Summary: A new machine learning algorithm can predict the in-game actions of volleyball players with 80% accuracy.
Source: Cornell University
Algorithms developed in Cornell’s Laboratory for Intelligent Systems and Controls can predict the in-game actions of volleyball players with more than 80% accuracy, and now the lab is collaborating with the Big Red hockey team to expand the research project’s applications.
The algorithms are unique in that they take a holistic approach to action anticipation, combining visual data – for example, where an athlete is located on the court – with information that is more implicit, like an athlete’s specific role on the team.
“Computer vision can interpret visual information such as jersey color and a player’s position or body posture,” said Silvia Ferrari, the John Brancaccio Professor of Mechanical and Aerospace Engineering, who led the research.
“We still use that real-time information, but integrate hidden variables such as team strategy and player roles, things we as humans are able to infer because we’re experts at that particular context.”
Ferrari and doctoral students Junyi Dong and Qingze Huo trained the algorithms to infer hidden variables the same way humans gain their sports knowledge – by watching games. The algorithms used machine learning to extract data from videos of volleyball games, and then used that data to help make predictions when shown a new set of games.

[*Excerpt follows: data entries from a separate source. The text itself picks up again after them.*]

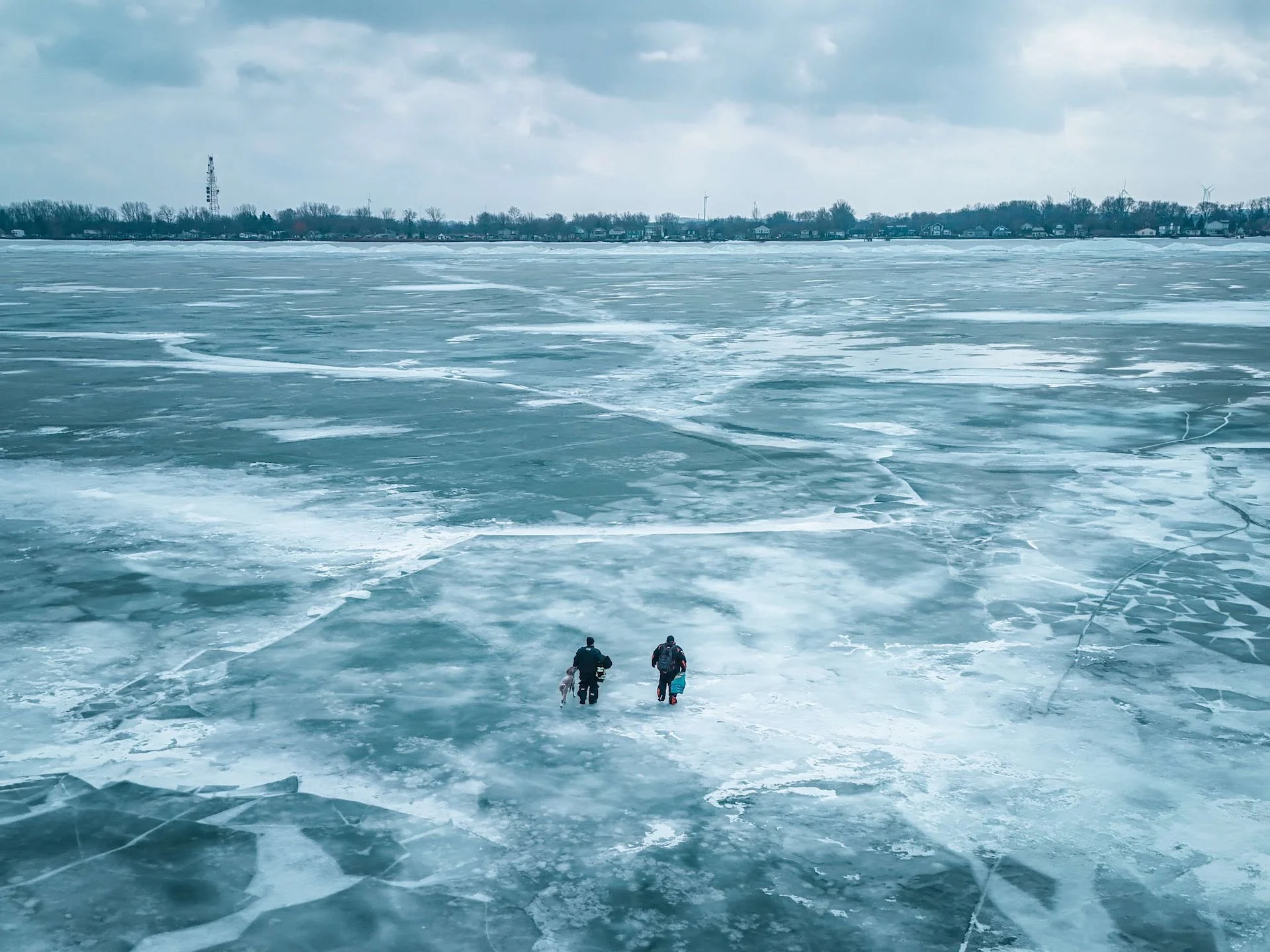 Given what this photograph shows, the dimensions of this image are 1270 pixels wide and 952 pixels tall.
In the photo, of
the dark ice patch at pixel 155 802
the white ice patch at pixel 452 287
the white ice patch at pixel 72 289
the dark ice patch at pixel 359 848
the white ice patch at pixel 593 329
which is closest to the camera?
the dark ice patch at pixel 359 848

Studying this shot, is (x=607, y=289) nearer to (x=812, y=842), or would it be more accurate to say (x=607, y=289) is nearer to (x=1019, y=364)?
(x=1019, y=364)

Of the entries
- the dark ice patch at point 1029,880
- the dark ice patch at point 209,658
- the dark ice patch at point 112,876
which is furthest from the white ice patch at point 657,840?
the dark ice patch at point 209,658

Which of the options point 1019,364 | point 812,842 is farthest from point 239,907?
point 1019,364

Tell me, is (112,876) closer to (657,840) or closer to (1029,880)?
(657,840)

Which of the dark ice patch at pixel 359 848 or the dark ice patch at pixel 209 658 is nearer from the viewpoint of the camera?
the dark ice patch at pixel 359 848

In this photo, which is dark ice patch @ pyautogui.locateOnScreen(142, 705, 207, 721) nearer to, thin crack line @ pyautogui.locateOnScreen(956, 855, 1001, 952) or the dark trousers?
the dark trousers

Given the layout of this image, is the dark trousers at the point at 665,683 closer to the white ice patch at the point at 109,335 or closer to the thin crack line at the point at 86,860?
the thin crack line at the point at 86,860

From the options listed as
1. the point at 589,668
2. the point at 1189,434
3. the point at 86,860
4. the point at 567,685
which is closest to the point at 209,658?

The results were published Sept. 22 in the journal ACM Transactions on Intelligent Systems and Technology, and show the algorithms can infer players’ roles – for example, distinguishing a defense-passer from a blocker – with an average accuracy of nearly 85%, and can predict multiple actions over a sequence of up to 44 frames with an average accuracy of more than 80%. The actions included spiking, setting, blocking, digging, running, squatting, falling, standing and jumping.

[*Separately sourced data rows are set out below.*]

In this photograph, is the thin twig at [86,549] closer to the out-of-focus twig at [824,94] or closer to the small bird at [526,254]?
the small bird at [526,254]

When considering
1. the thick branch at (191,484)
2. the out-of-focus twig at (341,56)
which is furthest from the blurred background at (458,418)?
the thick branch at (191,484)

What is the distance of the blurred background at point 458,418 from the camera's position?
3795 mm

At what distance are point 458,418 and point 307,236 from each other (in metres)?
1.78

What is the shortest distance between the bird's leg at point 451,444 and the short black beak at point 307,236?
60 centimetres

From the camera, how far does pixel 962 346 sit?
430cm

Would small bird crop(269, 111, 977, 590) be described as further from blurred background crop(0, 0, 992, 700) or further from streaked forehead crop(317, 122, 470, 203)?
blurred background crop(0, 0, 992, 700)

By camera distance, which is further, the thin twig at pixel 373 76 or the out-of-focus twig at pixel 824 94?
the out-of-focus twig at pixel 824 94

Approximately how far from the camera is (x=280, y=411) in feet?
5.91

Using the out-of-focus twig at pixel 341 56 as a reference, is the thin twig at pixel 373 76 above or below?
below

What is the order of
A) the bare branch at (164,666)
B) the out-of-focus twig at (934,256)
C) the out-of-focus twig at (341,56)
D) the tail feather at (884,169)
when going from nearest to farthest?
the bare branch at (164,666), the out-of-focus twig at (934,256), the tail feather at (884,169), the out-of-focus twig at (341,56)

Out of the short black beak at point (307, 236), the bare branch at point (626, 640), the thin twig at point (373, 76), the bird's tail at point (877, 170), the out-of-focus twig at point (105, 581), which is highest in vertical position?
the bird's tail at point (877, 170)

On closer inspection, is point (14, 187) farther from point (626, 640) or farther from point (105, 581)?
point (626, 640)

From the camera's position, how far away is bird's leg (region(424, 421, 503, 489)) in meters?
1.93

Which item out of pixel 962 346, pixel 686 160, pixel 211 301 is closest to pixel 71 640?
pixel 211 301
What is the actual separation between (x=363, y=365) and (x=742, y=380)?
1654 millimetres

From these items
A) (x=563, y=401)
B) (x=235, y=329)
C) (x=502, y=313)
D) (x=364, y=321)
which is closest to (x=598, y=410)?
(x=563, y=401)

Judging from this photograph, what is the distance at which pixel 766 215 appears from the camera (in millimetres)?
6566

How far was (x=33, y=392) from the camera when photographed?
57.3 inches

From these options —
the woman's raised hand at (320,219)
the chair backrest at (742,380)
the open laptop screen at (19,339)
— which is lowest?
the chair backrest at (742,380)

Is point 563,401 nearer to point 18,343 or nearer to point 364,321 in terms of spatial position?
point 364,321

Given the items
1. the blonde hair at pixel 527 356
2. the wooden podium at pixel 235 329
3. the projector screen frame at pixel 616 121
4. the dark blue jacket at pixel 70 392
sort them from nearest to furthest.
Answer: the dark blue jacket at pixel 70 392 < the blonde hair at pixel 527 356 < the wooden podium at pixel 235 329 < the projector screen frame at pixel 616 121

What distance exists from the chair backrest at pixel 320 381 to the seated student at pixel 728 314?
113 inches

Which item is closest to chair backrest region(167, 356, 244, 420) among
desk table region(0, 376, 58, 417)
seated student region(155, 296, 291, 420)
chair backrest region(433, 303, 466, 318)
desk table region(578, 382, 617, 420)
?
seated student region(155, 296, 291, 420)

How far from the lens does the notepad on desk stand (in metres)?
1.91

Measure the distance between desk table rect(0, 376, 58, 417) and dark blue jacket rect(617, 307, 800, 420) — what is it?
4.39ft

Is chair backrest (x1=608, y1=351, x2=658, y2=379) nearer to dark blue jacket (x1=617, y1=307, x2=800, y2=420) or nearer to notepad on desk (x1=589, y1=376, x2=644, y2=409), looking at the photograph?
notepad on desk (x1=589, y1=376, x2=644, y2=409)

Ferrari envisions teams using the algorithms to better prepare for competition by training them with existing game footage of an opponent and using their predictive abilities to practice specific plays and game scenarios.
Ferrari has filed for a patent and is now working with the Big Red men’s hockey team to further develop the software. Using game footage provided by the team, Ferrari and her graduate students, led by Frank Kim, are designing algorithms that autonomously identify players, actions and game scenarios.
One goal of the project is to help annotate game film, which is a tedious task when performed manually by team staff members.
“Our program places a major emphasis on video analysis and data technology,” said Ben Russell, director of hockey operations for the Cornell men’s team.
“We are constantly looking for ways to evolve as a coaching staff in order to better serve our players. I was very impressed with the research Professor Ferrari and her students have conducted thus far. I believe that this project has the potential to dramatically influence the way teams study and prepare for competition.”
Beyond sports, the ability to anticipate human actions bears great potential for the future of human-machine interaction, according to Ferrari, who said improved software can help autonomous vehicles make better decisions, bring robots and humans closer together in warehouses, and can even make video games more enjoyable by enhancing the computer’s artificial intelligence.
“Humans are not as unpredictable as the machine learning algorithms are making them out to be right now,” said Ferrari, who is also associate dean for cross-campus engineering research, “because if you actually take into account all of the content, all of the contextual clues, and you observe a group of people, you can do a lot better at predicting what they’re going to do.”
Funding: The research was supported by the Office of Naval Research Code 311 and Code 351, and commercialization efforts are being supported by the Cornell Office of Technology Licensing.
A Holistic Approach for Role Inference and Action Anticipation in Human Teams
The ability to anticipate human actions is critical to many cyber-physical systems, such as robots and autonomous vehicles.
Computer vision and sensing algorithms to date have focused on extracting and predicting visual features that are explicit in the scene, such as color, appearance, actions, positions, and velocities, using video and physical measurements, such as object depth and motion.
Human actions, however, are intrinsically influenced and motivated by many implicit factors such as context, human roles and interactions, past experience, and inner goals or intentions. For example, in a sport team, the team strategy, player role, and dynamic circumstances driven by the behavior of the opponents, all influence the actions of each player.
This article proposes a holistic framework for incorporating visual features, as well as hidden information, such as social roles, and domain knowledge.
The approach, relying on a novel dynamic Markov random field (DMRF) model, infers the instantaneous team strategy and, subsequently, the players’ roles that are temporally evolving throughout the game.
The results from the DMRF inference stage are then integrated with instantaneous visual features, such as individual actions and position, in order to perform holistic action anticipation using a multi-layer perceptron (MLP).
The approach is demonstrated on the team sport of volleyball, by first training the DMRF and MLP offline with past videos, and, then, by applying them to new volleyball videos online.
These results show that the method is able to infer the players’ roles with an average accuracy of 86.99%, and anticipate future actions over a sequence of up to 46 frames with an average accuracy of 80.50%. Additionally, the method predicts the onset and duration of each action achieving a mean relative error of 14.57% and 15.67%, respectively.